Let [math]\displaystyle{ P_1(u)=\prod_{i=1}^n(u-x_i) }[/math] and [math]\displaystyle{ P_2(u)=\prod_{i=1}^n(u-y_i) }[/math], and let [math]\displaystyle{ Q(u)=P_1(u)-P_2(u) }[/math].

If [math]\displaystyle{ M_1\neq M_2 }[/math], then the polynomials [math]\displaystyle{ P_1 }[/math] and [math]\displaystyle{ P_2 }[/math] are not identical, and the polynomial [math]\displaystyle{ Q\not\equiv 0 }[/math]. We only need to show that [math]\displaystyle{ \Pr[Q(r)\bmod =0]\, }[/math] is small for our choice of random [math]\displaystyle{ p }[/math] and [math]\displaystyle{ r }[/math].

We first show that the probability that [math]\displaystyle{ Q\equiv 0 \bmod p }[/math] is small. Then apply the Schwartz-Zippel technique to show that conditioning on that [math]\displaystyle{ Q\not\equiv 0 \bmod p }[/math], the probability [math]\displaystyle{ Q(r) \bmod p=0 }[/math] is small.

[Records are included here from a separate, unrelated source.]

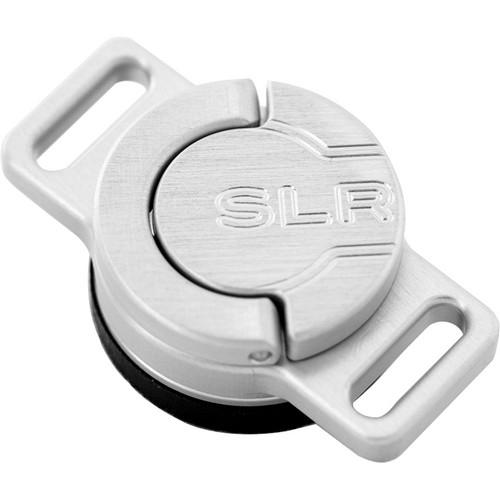 Custom SLR C-Loop Camera Strap Mount Solution (Black) CL01B, Custom, SLR, C-Loop, Camera, Strap, Mount, Solution, Black, CL01B,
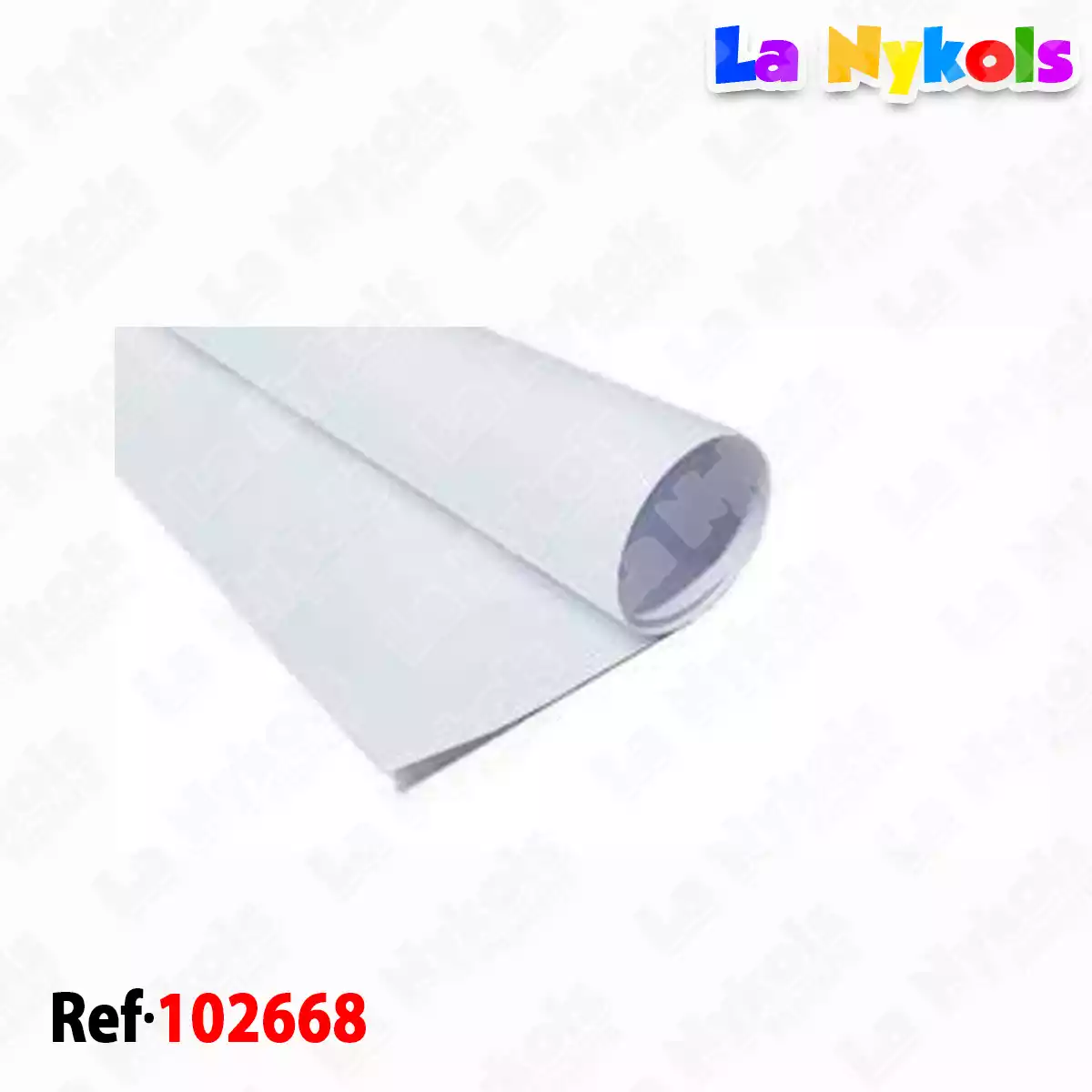 PAPEL BOND 16/60 PLIEGO (RESMA*500)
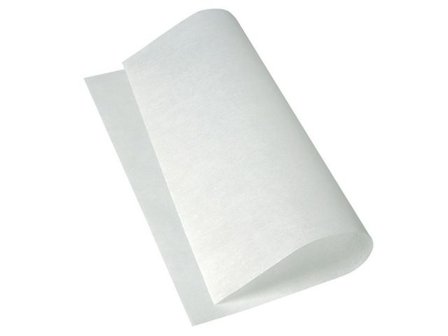 ARISTO Bakplåtspapper 45x57cm silikon 1000/fp - Lyreco - Kök och servering - Baktillbehör - Bakplåtspapper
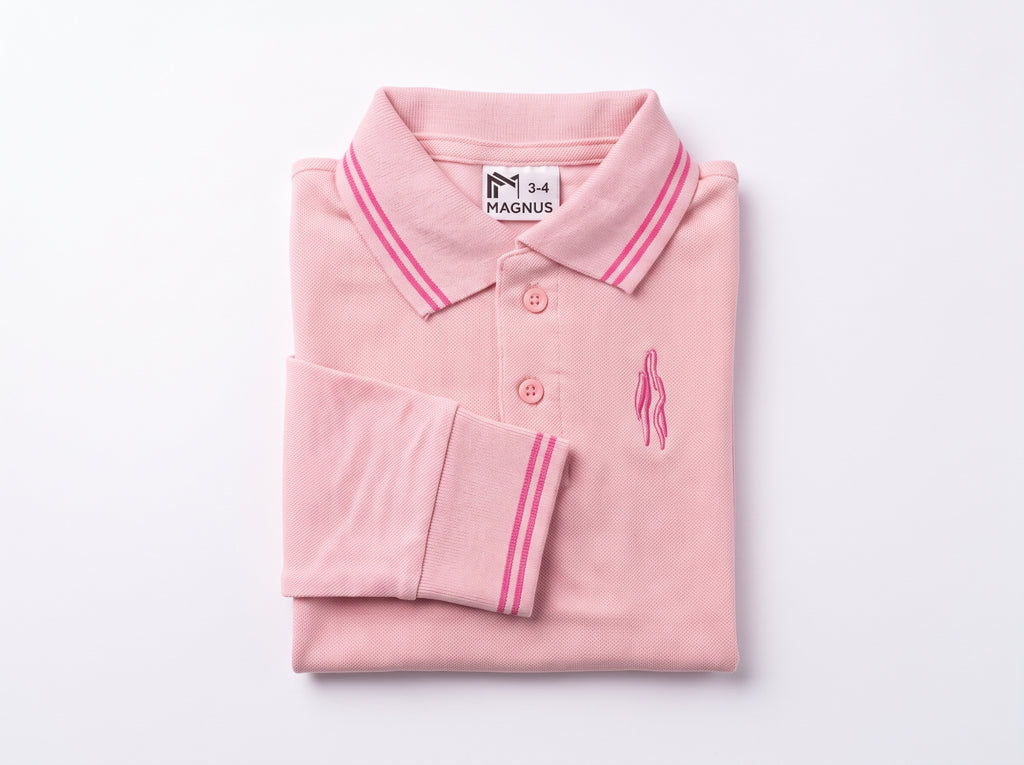 CITY PRE SCHOOL SHIRT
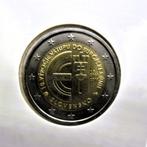 2 euro herdenking Slowakije 2014 10 jaar oud U.E. UNC, Postzegels en Munten, Munten | Europa | Euromunten, Verzenden, Slowakije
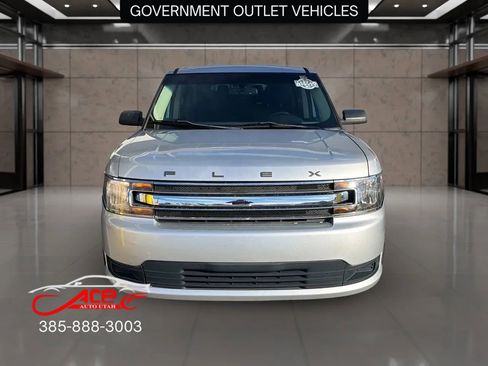 Used 2013 Ford Flex SE image 2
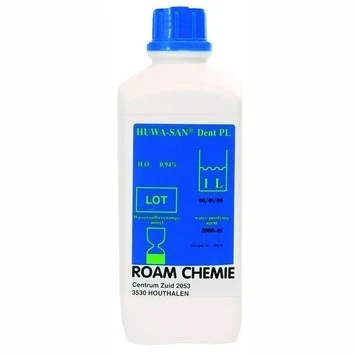 Huwa-San Dent PL, Desinfektionsmittel, Flasche à 1 l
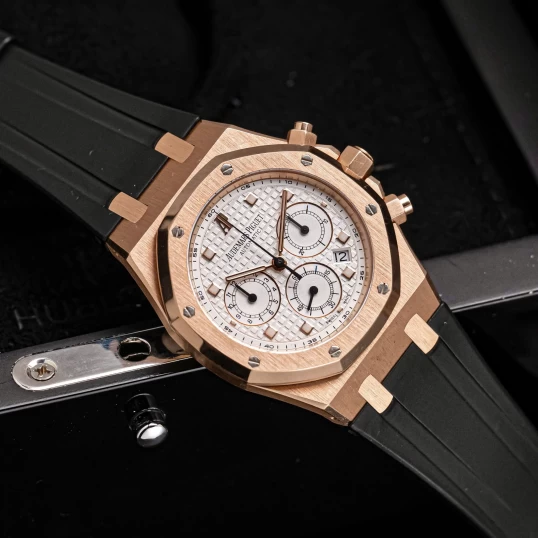 Audemars Piguet Royal Oak Chronograph 39mm 26022OR.OO.D088CR.01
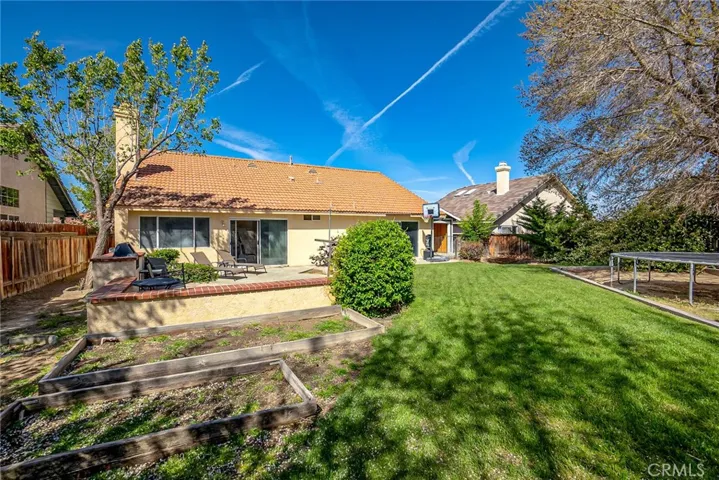 15409 Jeraldo Drive, Victorville, California 92394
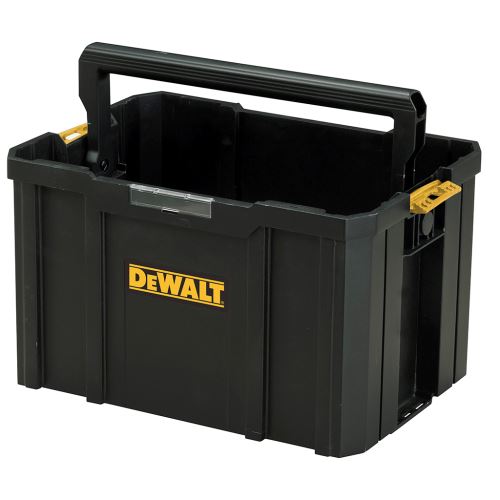 DeWALT Transportkoffer open TSTAK DWST1-71228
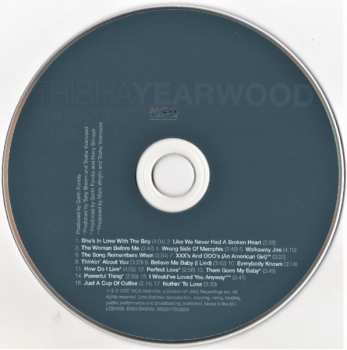 CD Trisha Yearwood: Greatest Hits 583908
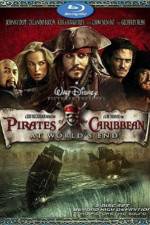 Watch Pirates of the Caribbean: At World's End Myflixer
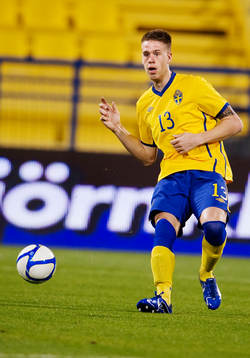 Pontus Jansson
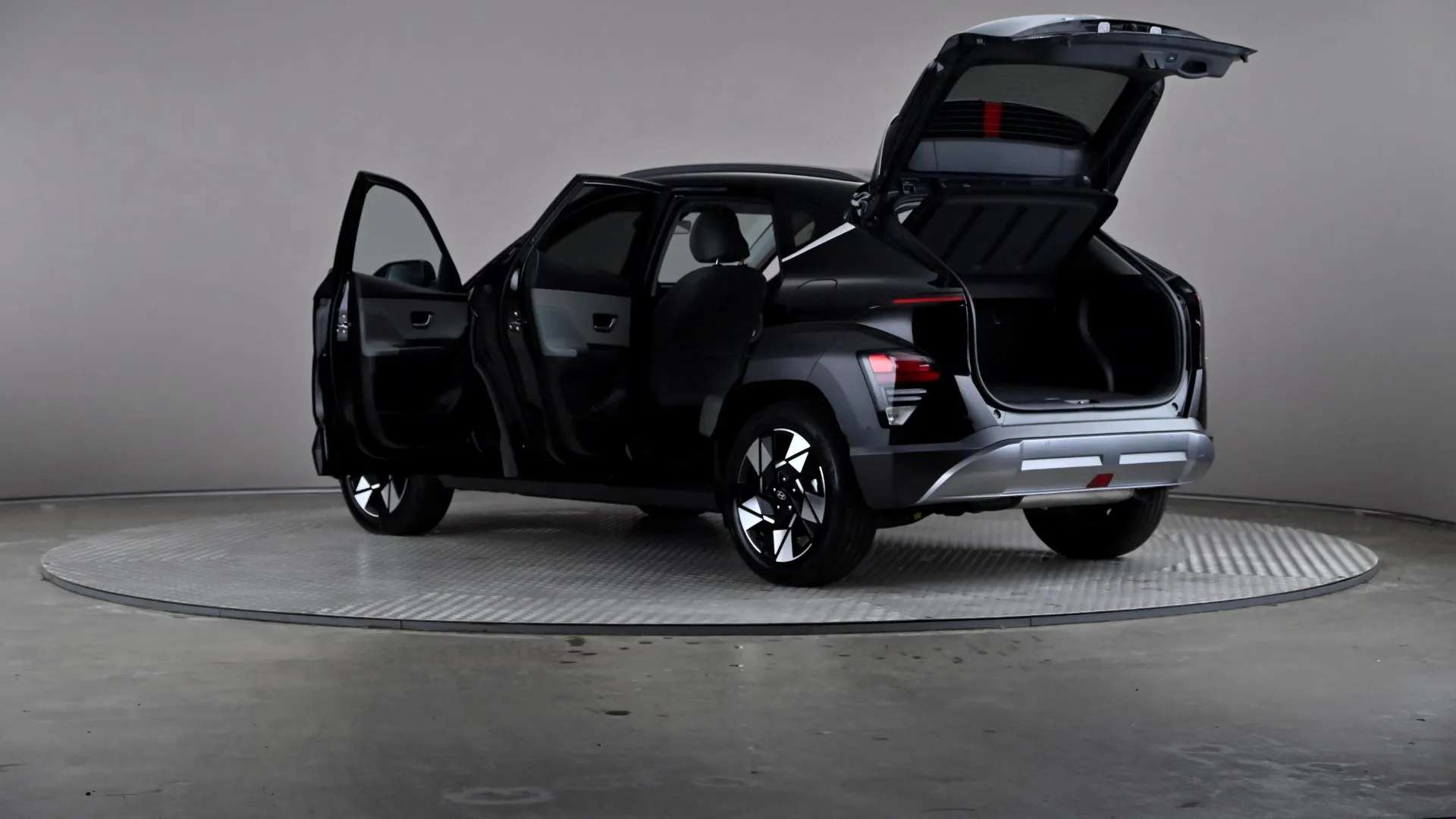 2026 HYUNDAI KONA 2026 HYUNDAI KONA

Expand [math]\displaystyle{ Q(u) }[/math] in form of [math]\displaystyle{ Q(u)=\sum_{k=0}^n a_i u^k }[/math]. It can be verified by induction on [math]\displaystyle{ n }[/math] that for any coefficient [math]\displaystyle{ a_k }[/math], it holds that [math]\displaystyle{ |a_k|\le 2n\cdot 2^{n} }[/math].

Since [math]\displaystyle{ Q\not\equiv 0 }[/math], it has at least one nonzero coefficient [math]\displaystyle{ c\neq 0 }[/math], and it holds that [math]\displaystyle{ |c|\le 2n\cdot 2^{n} }[/math]. Then with the same analysis as in the problem of EQ, by our choice of random [math]\displaystyle{ p }[/math],

[math]\displaystyle{ \Pr[c\bmod p=0]=O\left(\frac{1}{n}\right) }[/math].

Conditioning on that [math]\displaystyle{ Q\not\equiv 0 }[/math] after modulo [math]\displaystyle{ p }[/math], since the degree of [math]\displaystyle{ Q }[/math] is at most [math]\displaystyle{ n }[/math], [math]\displaystyle{ Q }[/math] has at most [math]\displaystyle{ n }[/math] roots. Since [math]\displaystyle{ p\in[(n\log n)^2,2(n\log n)^2] }[/math], therefore [math]\displaystyle{ r }[/math] is uniformly distributed over a set of size at least [math]\displaystyle{ (n\log n)^2 }[/math]. Therefore, the probability that [math]\displaystyle{ Q(r)\bmod p =0 }[/math] conditioning on that [math]\displaystyle{ Q\not\equiv 0\bmod p }[/math] is at most [math]\displaystyle{ \frac{1}{n(\log n)^2} }[/math].

By the union bound, [math]\displaystyle{ \Pr[\mathrm{FING}(M_1)= \mathrm{FING}(M_2)]=O\left(\frac{1}{n}\right) }[/math].

[math]\displaystyle{ \square }[/math]

Checking distinctness by fingerprinting multisets

We now have a fingerprint function for multisets, which is useful for checking the identities of multisets. To solve the problem of checking distinctness, we just check whether the input multiset [math]\displaystyle{ M }[/math] is identical to the set [math]\displaystyle{ \{1,2,\ldots,n\} }[/math].